Pre-draft measurables
| Height | Weight | Arm length | Hand span | 40-yard dash | 10-yard split | 20-yard split | 20-yard shuttle | Three-cone drill | Bench press |
| 6 ft 4+3⁄4 in (1.95 m) | 311 lb (141 kg) | 33+1⁄2 in (0.85 m) | 9 in (0.23 m) | 5.24 s | 1.84 s | 3.05 s | 4.49 s | 7.84 s | 26 reps |
All values from NFL Combine

===New England Patriots===
Light was drafted in the second round (48th overall) of the 2001 NFL draft by the New England Patriots. He started 12 of 14 games played during his rookie season in 2001, helping a Patriots running game which averaged 112.2 yards per game. He was the starting left tackle for an offensive line that led the way for 133 yards on 25 carries (5.3 yard average) in the Patriots 20–17 victory in Super Bowl XXXVI over the St. Louis Rams. He was named to the Football News 2001 NFL All-Rookie Team following the season. Light returned in 2002 to start all 16 games at left tackle for the Patriots, who missed the playoffs.

In 2003, Light again started 16 games, and earned his second Super Bowl ring after helping to not allow a sack against a Carolina Panthers defensive line in Super Bowl XXXVIII that featured Kris Jenkins, Mike Rucker, Brentson Buckner and Julius Peppers. Light was a part of an offensive line that enjoyed one of the most successful seasons in club history in 2004, starting 16 games at left tackle and helping the team to average more than four yards per carry for the first time in 19 seasons and helping Corey Dillon set a single season franchise record with 1,635 rushing yards. In October 2004, he signed a six-year contract extension with the team worth $27 million. He earned his third Super Bowl ring in a win over the Philadelphia Eagles in Super Bowl XXXIX.

Light began the 2005 season just as he did the previous three, starting at left tackle before a broken leg suffered against the Pittsburgh Steelers in Week 3 kept him inactive for the next 11 games and eventually led to his placement on injured reserve on December 22. He returned in 2006 to start 16 games. His play earned him an appearance in the 2007 Pro Bowl, the first Pro Bowl appearance of his career, where he replaced the injured Jonathan Ogden.

In 2007, Light started 16 games and all three playoff games for the Patriots, including their loss to the New York Giants in Super Bowl XLII, when the Patriots offensive line allowed five sacks of quarterback Tom Brady. He was one of eight Patriots players, and one of three Patriots offensive linemen (joining Dan Koppen and Logan Mankins) elected in December 2007 to the 2008 Pro Bowl.
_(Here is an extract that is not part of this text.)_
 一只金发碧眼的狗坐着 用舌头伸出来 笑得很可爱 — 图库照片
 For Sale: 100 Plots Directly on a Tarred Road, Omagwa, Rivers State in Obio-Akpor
In the 2008 season, started 16 games for the sixth time in his career. After being named to the Patriots 50th anniversary team in August 2009, Light started the first five games of 2009 before missing five games due to an injury. He returned in Week 12 and started the remainder of the season at left tackle. In 2010, Light started all 16 games at left tackle and was named as an injury replacement to the 2010 Pro Bowl.

On July 31, 2011, Matt Light signed a two-year contract with the New England Patriots.

At the end of the 2011 season, Light and the Patriots appeared in Super Bowl XLVI. He started in the game, but the Patriots lost to the New York Giants by a score of 21–17.

===Retirement/broadcasting career===
On May 7, 2012, he officially announced his retirement in a press conference at Gillette Stadium.

On July 19, 2012, it was announced that Light would join ESPN as an NFL analyst. He will contribute to SportsCenter, Sunday NFL Countdown, NFL Live, First Take, and NFL32.

===Political career===
On May 2, 2022, Light lost his bid for a seat on the Foxborough, MA, School Committee.

==Personal life==
Light has Crohn's disease.

Matt married his wife Susie in 2001.

Matt and Susie founded a charitable organization in 2003, called the Light Foundation.